Research Engineer, Pretraining Scaling

USD 315,000-560,000 per year
MIDDLE
✅ On-site

SCRAPED

Used Tools & Technologies

Not specified

Required Skills & Competences ?

Distributed Systems @ 3 Communication @ 6 Networking @ 3 Performance Optimization @ 3 Debugging @ 3 LLM @ 3 PyTorch @ 3

Details

Anthropic’s ML Performance and Scaling team trains production pretrained models and ensures frontier models train reliably, efficiently, and at scale. This role sits between research and engineering and involves working across the full production training stack: performance optimization, hardware debugging, experimental design, and launch coordination.
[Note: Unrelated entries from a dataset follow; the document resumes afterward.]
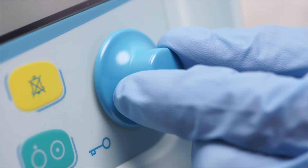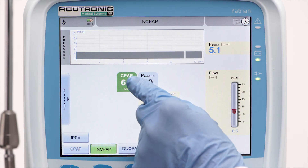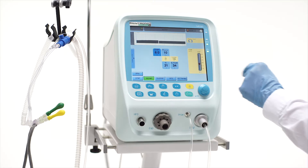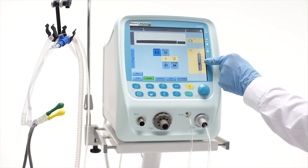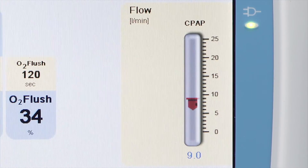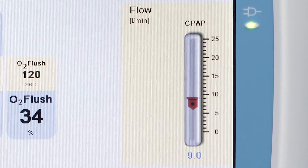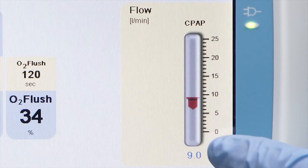Press, adjust, and confirm the setting. The ventilator will then adjust the required flow automatically and display the used flow rate.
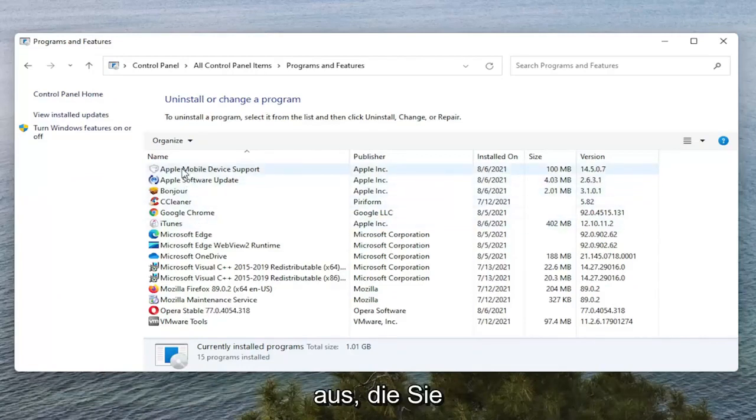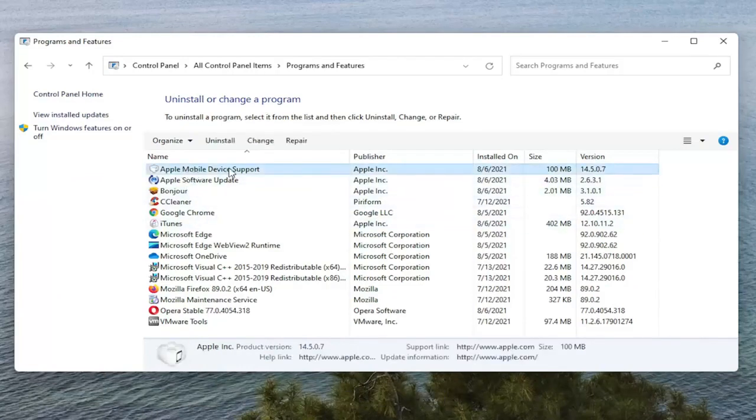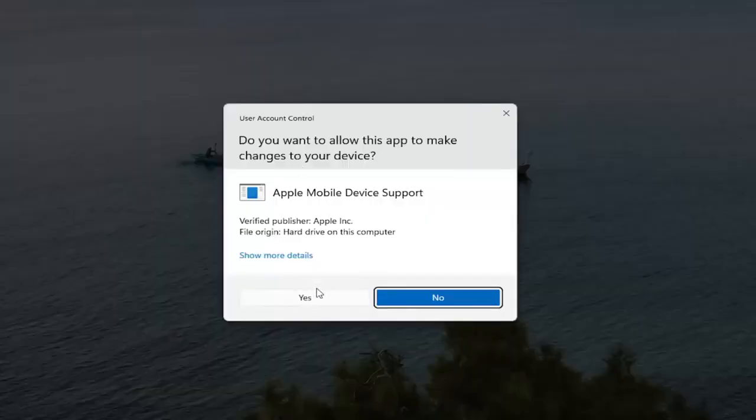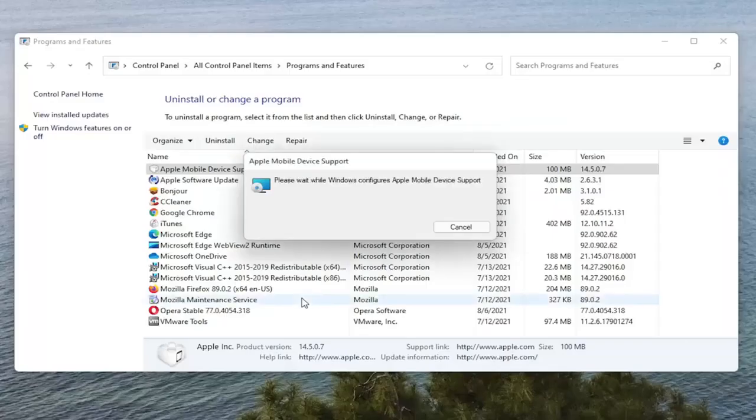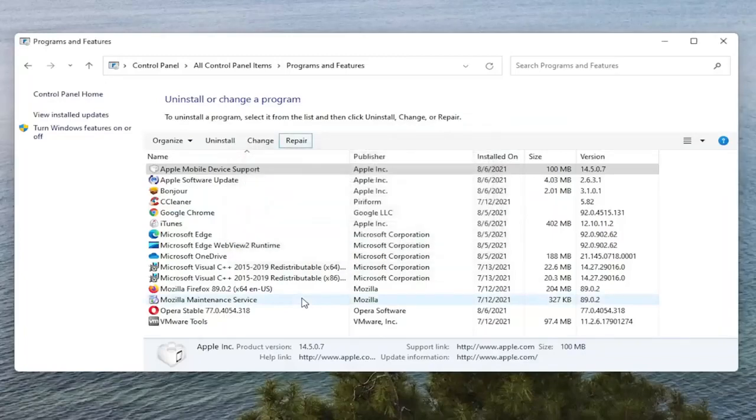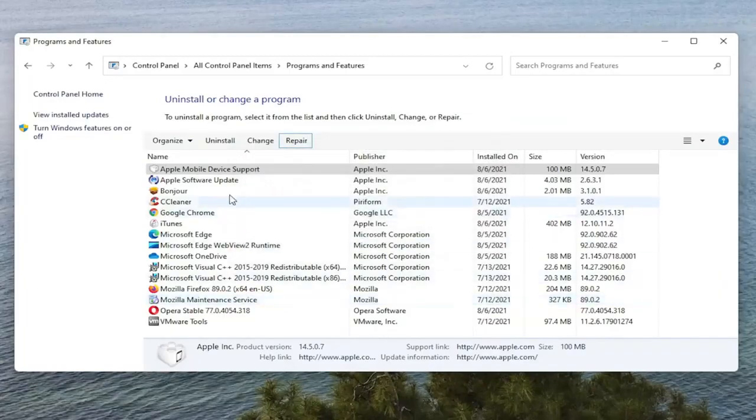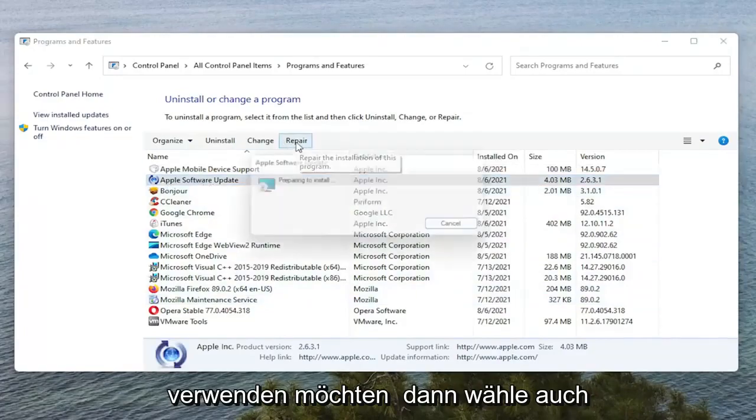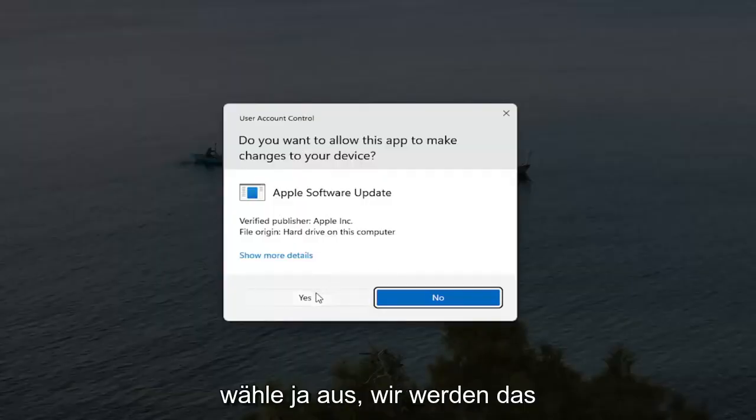You want to go select the Apple Mobile Device Support and select the Repair button. Select Yes if you receive the User Account Control Prompt. And now you want to select Apple Software Update and then also select Repair. Select Yes.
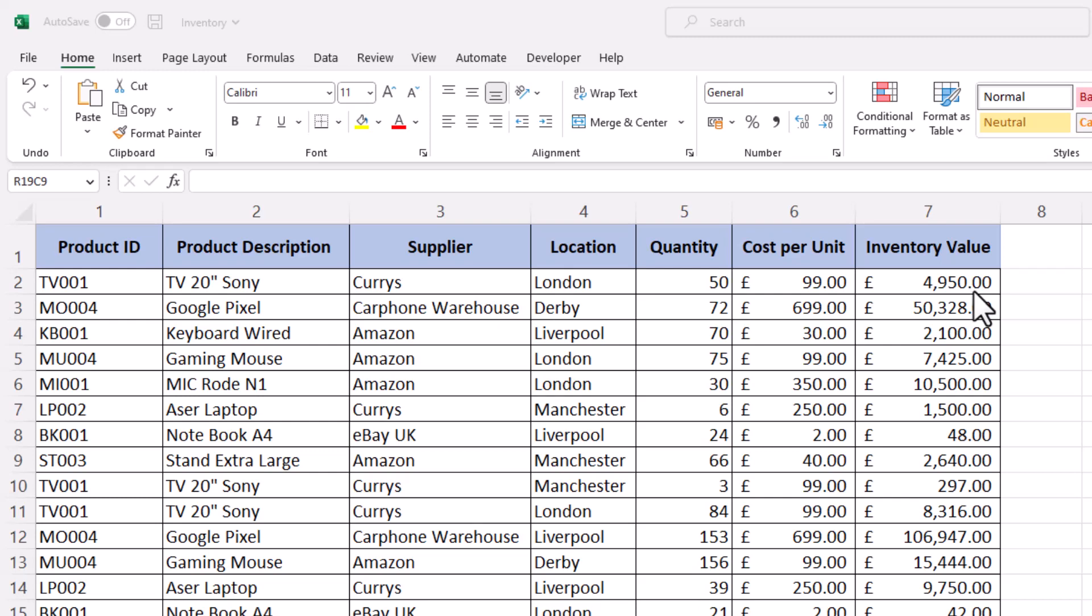But in mainland Europe and most of the countries, this is replaced where for the decimal you have comma and thousand separator is a point. So how to change this one?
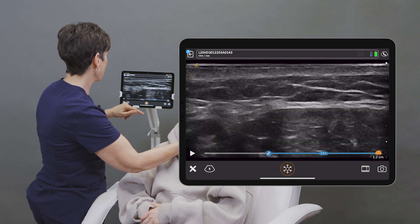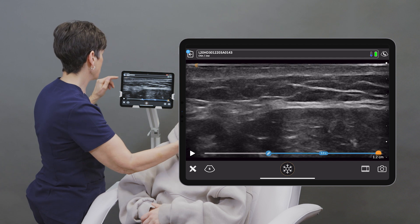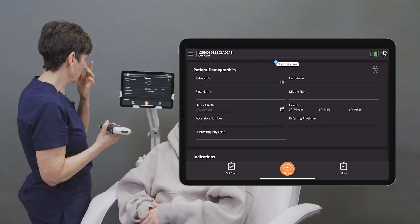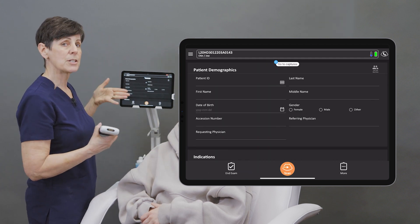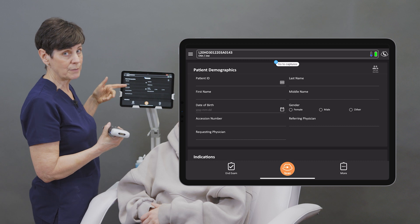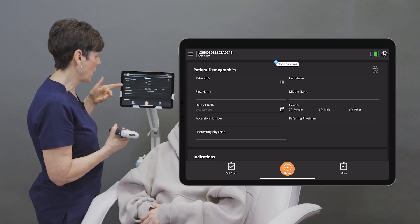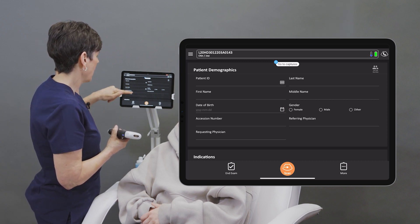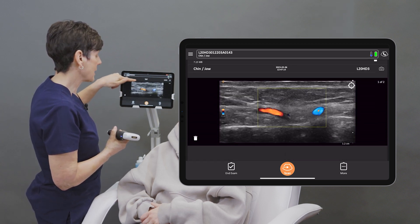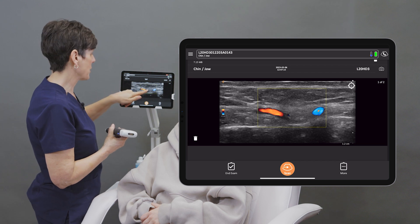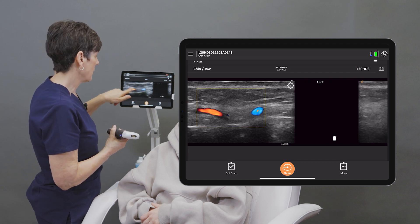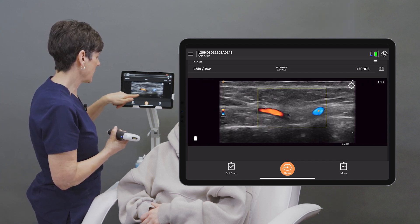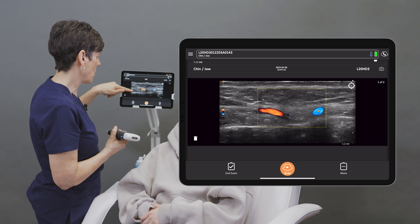So once I have stored all of my images and video clips, I can hit the back arrow. This takes me to the patient demographic page where I can enter all of the information that I want. I can swipe up to see the images that I've stored, where I can delete them if I want.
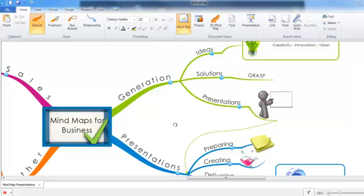This tutorial is going to take you through how to add a boundary to your branches. Now a boundary is a way of highlighting a particular idea or ideas to create a visual emphasis, or it's there for grouping information.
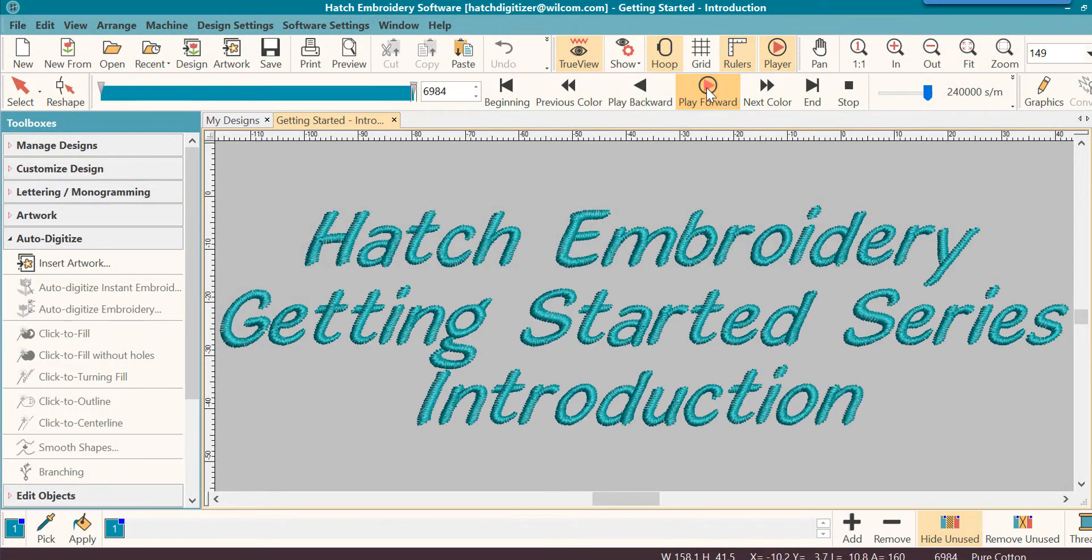Hello, and welcome to the Hatch Embroidery Software Getting Started series. There are several videos in this series.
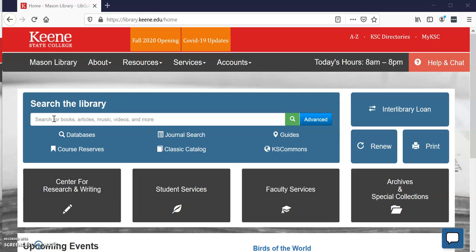Right now I'm on the library home page and right here where it says 'Search the Library' — this is Discovery, and it searches for books, articles, music, videos, and more.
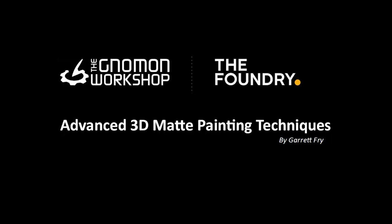Hi, my name is Garrett Frey, and I'm going to walk you through a process that I go into depth on in a Gnomon Workshop training DVD called Advanced 3D Matte Painting Techniques.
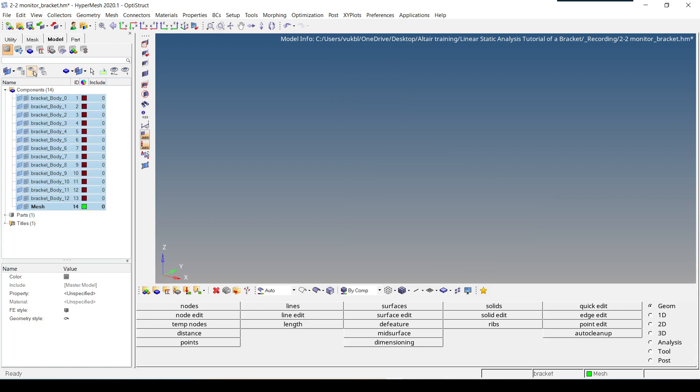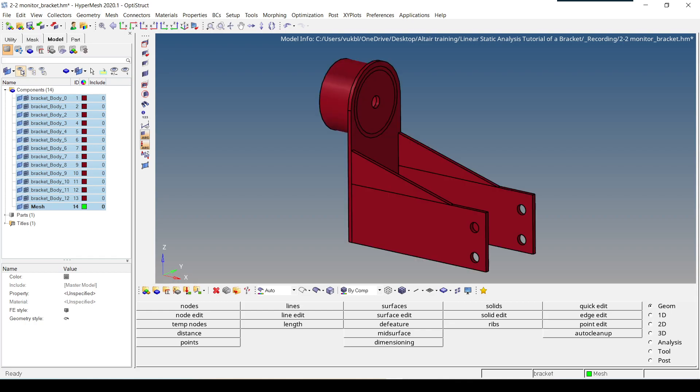This hides both the geometry and elements of all the components. To show them again, we have to click on this second icon, which is display all, and then all the geometry and the elements are shown.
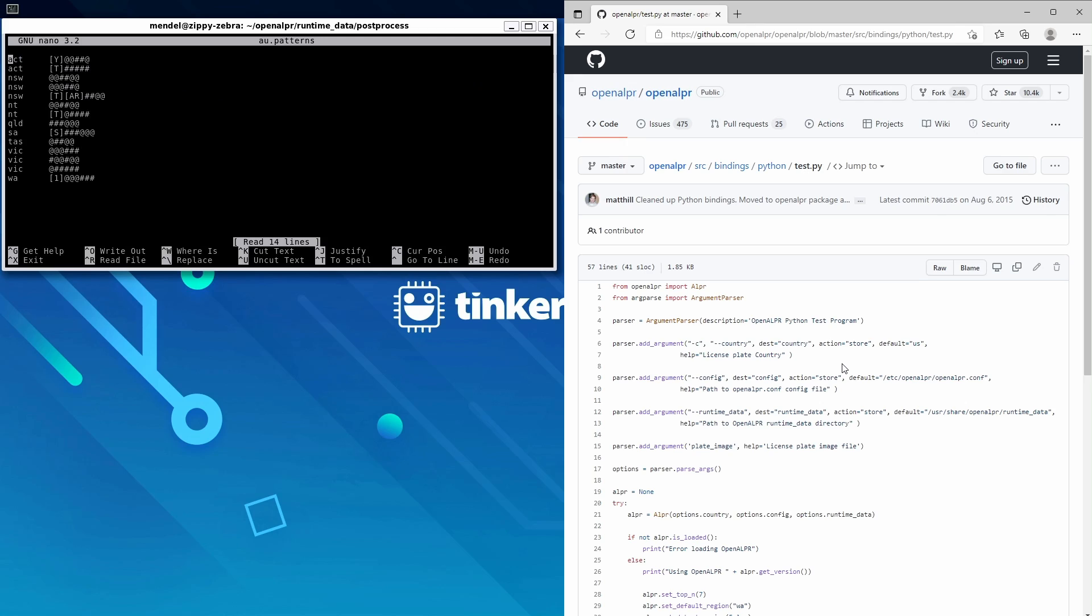Like here, you can see that for the state of ACT there's two combinations: plates that start with Y followed by letter-letter-number-number-letter, or Victoria which has three letters and three numbers, or number-letter-letter-number-letter-letter, or letter and five numbers.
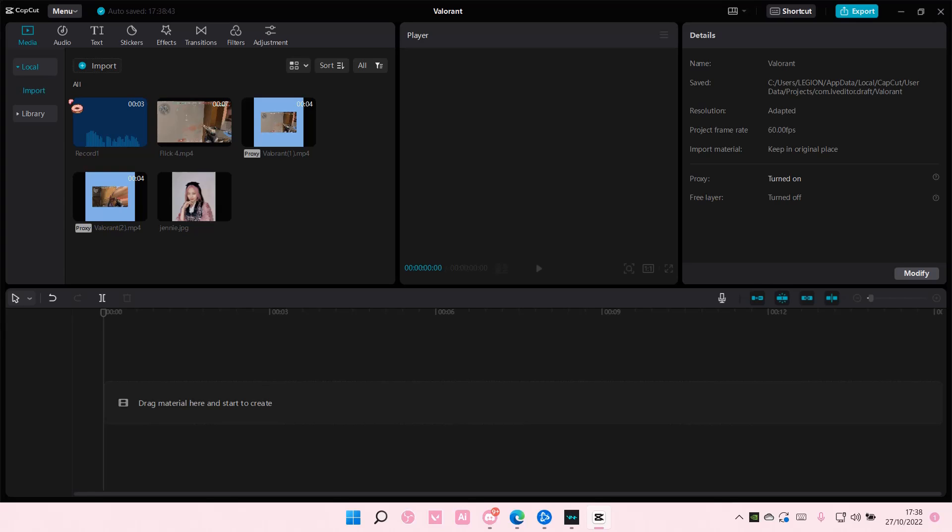Hey guys and welcome back to this channel. In this video I'll be showing you guys how you can put an overlay behind a subject on CapCut PC.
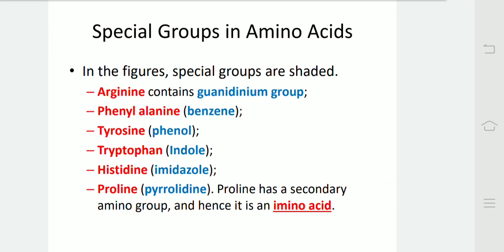Special groups in amino acids — in the figures, special groups are shaded. Arginine contains a guanidinium group. Phenylalanine contains a benzene group. Tyrosine contains a phenol group. Tryptophan contains an indole group. Histidine contains an imidazole group. Proline contains a pyrrolidine group. Proline is a secondary amino acid, hence it is an imino acid.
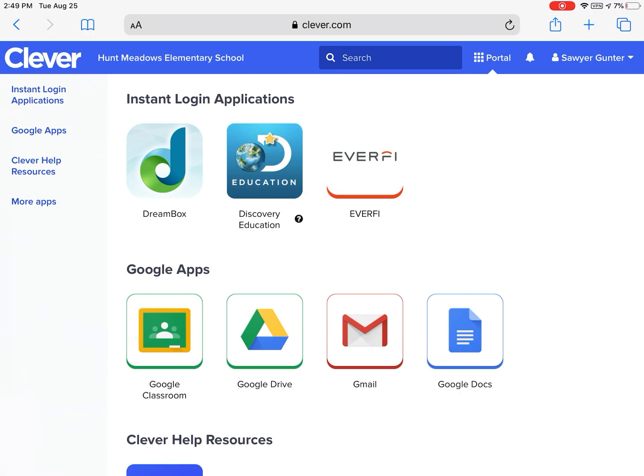Make sure that your child has the DreamBox app downloaded on their iPad before they log in.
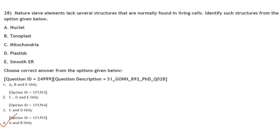The answer is option 4, that is A and B only — nuclei and tonoplast.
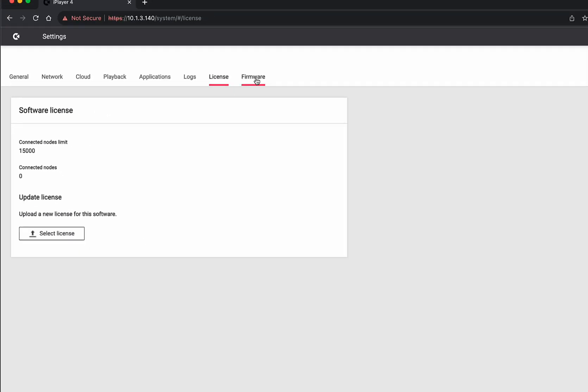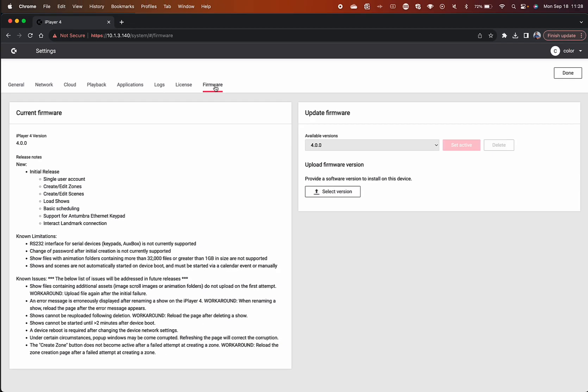Finally, the Firmware page is where you can review the version you currently have loaded on your device and the release notes associated with it. You can also boot into recovery mode or flash a new firmware file if necessary.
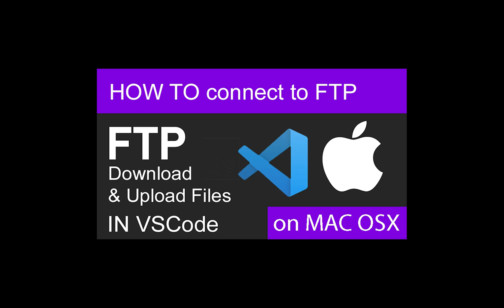Hey guys, in this tutorial I'm going to show you how to connect to a web server using an FTP extension in VS Code on a Mac OS X.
The role is operationally intensive during model launches and requires responding to on-call incidents and coordinating across teams in multiple time zones.

Responsibilities

  • Own critical aspects of the production pretraining pipeline, including model operations, performance optimization, observability, and reliability.
  • Debug and resolve complex issues across the full stack — from hardware errors and networking to training dynamics and evaluation infrastructure.
  • Design and run experiments to improve training efficiency, reduce step time, increase uptime, and enhance model performance.
  • Respond to on-call incidents during model launches, diagnose problems quickly, and coordinate solutions across teams.
  • Build and maintain production logging, monitoring dashboards, and evaluation infrastructure.
  • Add new capabilities to the training codebase (examples given: long context support or novel architectures).
  • Collaborate closely with teammates across San Francisco and London and with Tokens, Architectures, and Systems teams.
  • Document systems, debugging approaches, and lessons learned to contribute to institutional knowledge.

Requirements

  • Hands-on experience training large language models, or deep expertise with JAX, TPU, PyTorch, or large-scale distributed systems.
  • Comfortable with a roughly 50/50 split between research and engineering work (not heavily weighted to one side).
  • Willingness to be on-call for production systems and to work long days during launches (including evenings and weekends when needed).
  • Strong debugging skills for complex, ambiguous problems across multiple layers of the stack.
  • Ability to communicate clearly and collaborate effectively across time zones and under stress.
  • Passion for refining craft as a research engineer and care about societal impacts of AI and responsible scaling.
  • Education: at least a Bachelor's degree in a related field or equivalent experience.

Strong Candidates May Also Have

  • Previous experience training LLMs or working extensively with JAX/TPU, PyTorch, or other ML frameworks at scale.
  • Contributions to open-source LLM frameworks (examples: open_lm, llm-foundry, mesh-transformer-jax).
  • Published research on model training, scaling laws, or ML systems.
  • Experience with production ML systems, observability tools, or evaluation infrastructure.
  • Background as a systems engineer, quantitative researcher, or similar roles requiring technical depth and operational excellence.

What Makes This Role Unique

  • Highly operational role: deep involvement in keeping production models training smoothly, requiring responsiveness to incidents and flexibility in priorities.
  • Opportunity to work on some of the largest, most sophisticated training runs in industry alongside world-class researchers and engineers.
  • Extended learning through operational responsibility and close collaboration; institutional knowledge built in this role compounds over time.

Logistics & Location

  • Location: This role requires working in-office 5 days per week in San Francisco, CA.
  • Visa sponsorship: Anthropic does sponsor visas and retains an immigration lawyer, though sponsorship is not guaranteed for every role/candidate.
  • Application deadline: None — applications reviewed on a rolling basis.

Compensation & Benefits

  • Expected base annual salary range: $315,000 - $560,000 USD. Total compensation may include equity, benefits, and incentive compensation.
  • Benefits mentioned: competitive compensation and benefits, optional equity donation matching, generous vacation and parental leave, flexible working hours, and office space for collaboration.

Other Notes

  • Team expects strong communication and close collaboration; the company emphasizes diversity and encourages applicants who may not meet every qualification to apply.